Church view on same-sex marriage prevails; other ballot efforts fail

WASHINGTON – In voting on 2008 ballot questions across the country, the Catholic Church’s view against same-sex marriage prevailed, but most Catholic efforts to influence voting related to abortion, assisted suicide, embryonic stem-cell research and gambling failed.

Voters approved California’s Proposition 8, which would amend the state constitution to define marriage as the union of one man and one woman, by a 52 percent to 48 percent margin, although opponents said the counting of absentee ballots could change the outcome. Similar proposals were approved in Arizona (57 percent to 43 percent) and Florida (62 percent to 38 percent).

Cardinal Roger M. Mahony of Los Angeles thanked the Catholic community for the passage of Proposition 8 in a Nov. 5 statement. He said the success also was the result of “an unprecedented coalition of many faith communities and other citizens who understood the importance of maintaining the bedrock institution of marriage as has been lived out since recorded history.”

California is one of three states where same-sex marriage is currently allowed, and the California bishops had said the amendment would affirm “the historic, logical and reasonable definition of marriage” without removing any benefits from other contractual arrangements such as civil unions or domestic partnerships.

On a range of other issues, however, voters turned down the church-supported position on ballot questions.

In Connecticut, where the Supreme Court ruled Oct. 10 that the state’s ban on same-sex marriage was unconstitutional, 59 percent of voters turned down an effort to call for a constitutional convention, where the question could have been reconsidered. The state’s Catholic bishops had urged a vote in favor of the convention.

By a 47 percent to 53 percent margin, California voters rejected a church-supported proposal to require parental notification, or a judicial bypass, 48 hours before a minor’s abortion. A South Dakota measure that would have banned abortions in the state, except for victims of rape and incest, also failed, 55 percent to 45 percent.

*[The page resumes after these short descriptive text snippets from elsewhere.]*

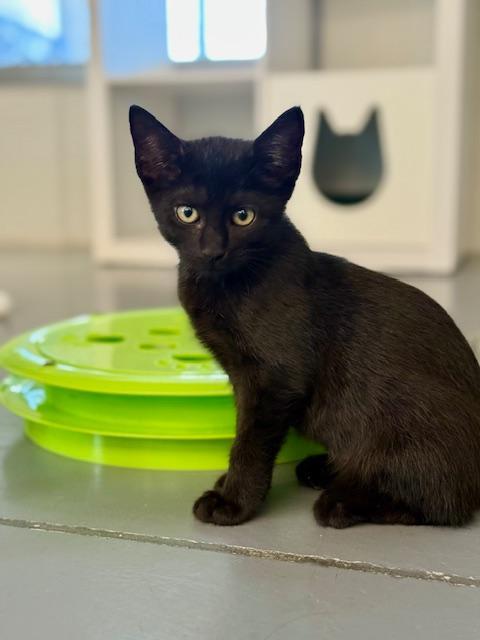 Chocolate, a Adoptable Domestic Short Hair in Winter Haven, FL image 1/4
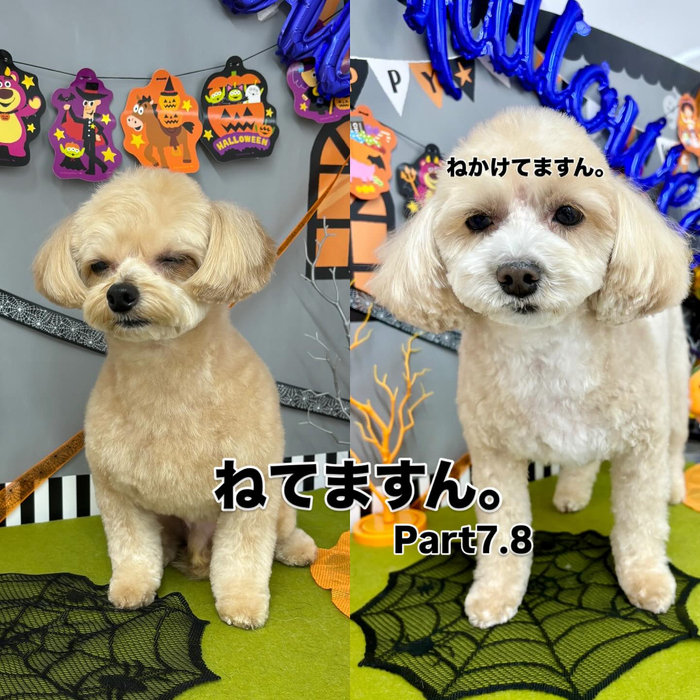 画像1139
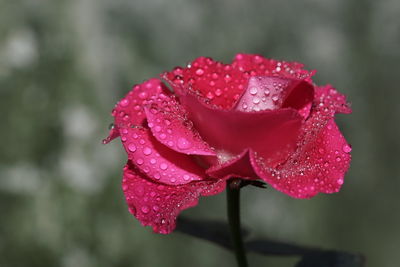 Close-up of pink rose with water drops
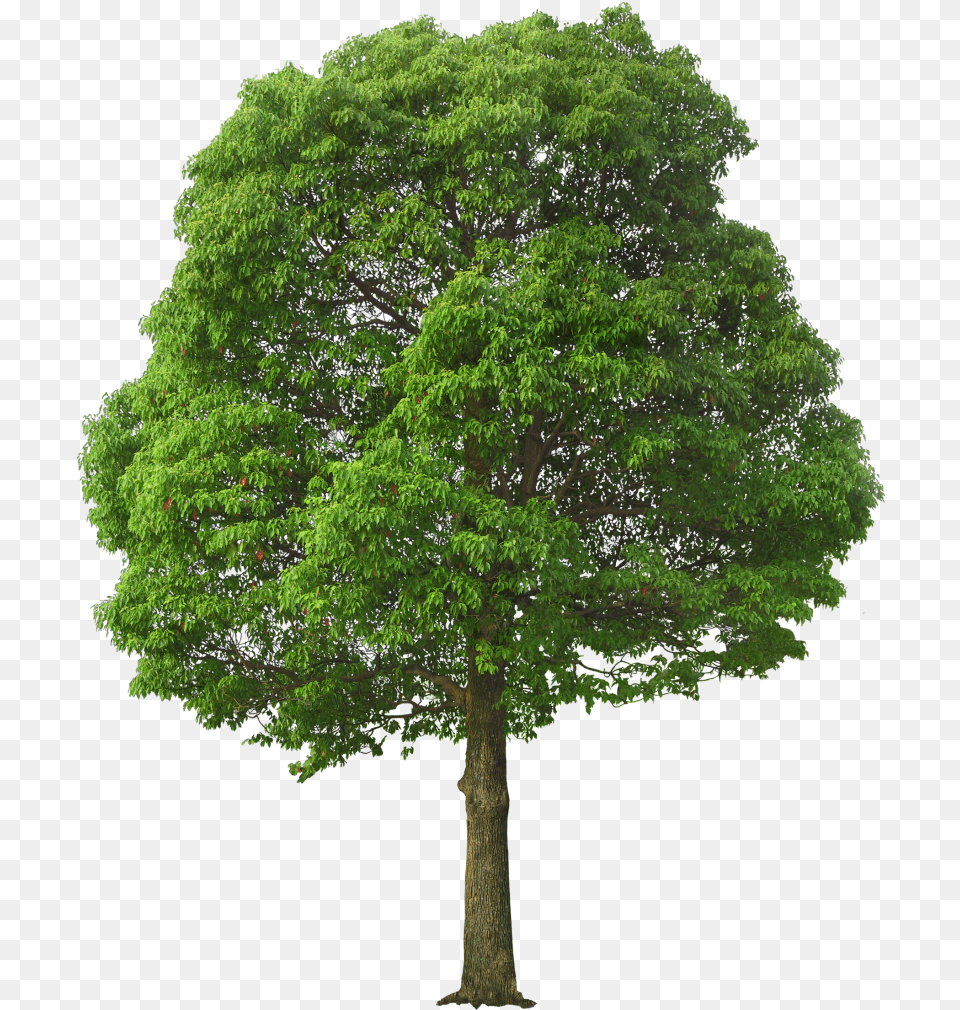 Green Tree Tree, Oak, Plant, Sycamore, Tree Trunk Free Png Download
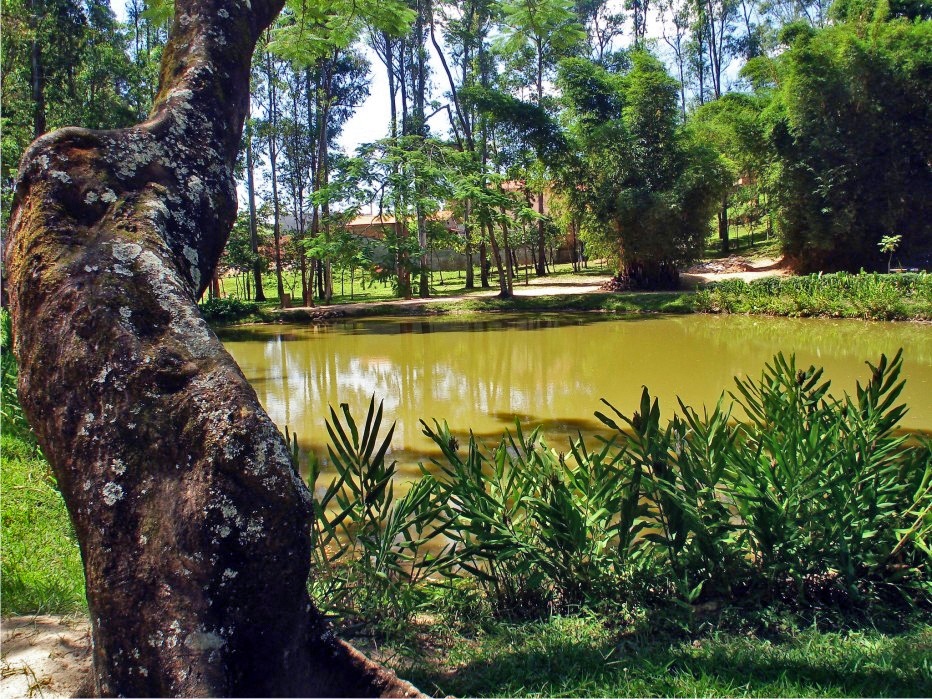 Parque-Escola Jardim Belmonte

In Colorado, Catholic leaders had taken a neutral approach to the Colorado Personhood Amendment, which would have defined “any human being from the moment of fertilization” as a person under the state constitution. Voters rejected the proposed amendment, with only 27 percent for it and 73 percent against it.

The Colorado Catholic bishops said the proposal did not “provide a realistic opportunity for ending or even reducing abortions” in the state because it would be interpreted under current federal law and could have resulted in a reaffirmation of Roe v. Wade, the Supreme Court’s 1973 decision legalizing abortion.

Washington became the second state in the nation to allow physician-assisted suicide with a 59 percent to 41 percent vote in favor of Initiative 1000. The state’s Catholic bishops had said the proposal did not have adequate safeguards and its approval would threaten “the dignity of all human life regardless of frailty or social definitions of usefulness.”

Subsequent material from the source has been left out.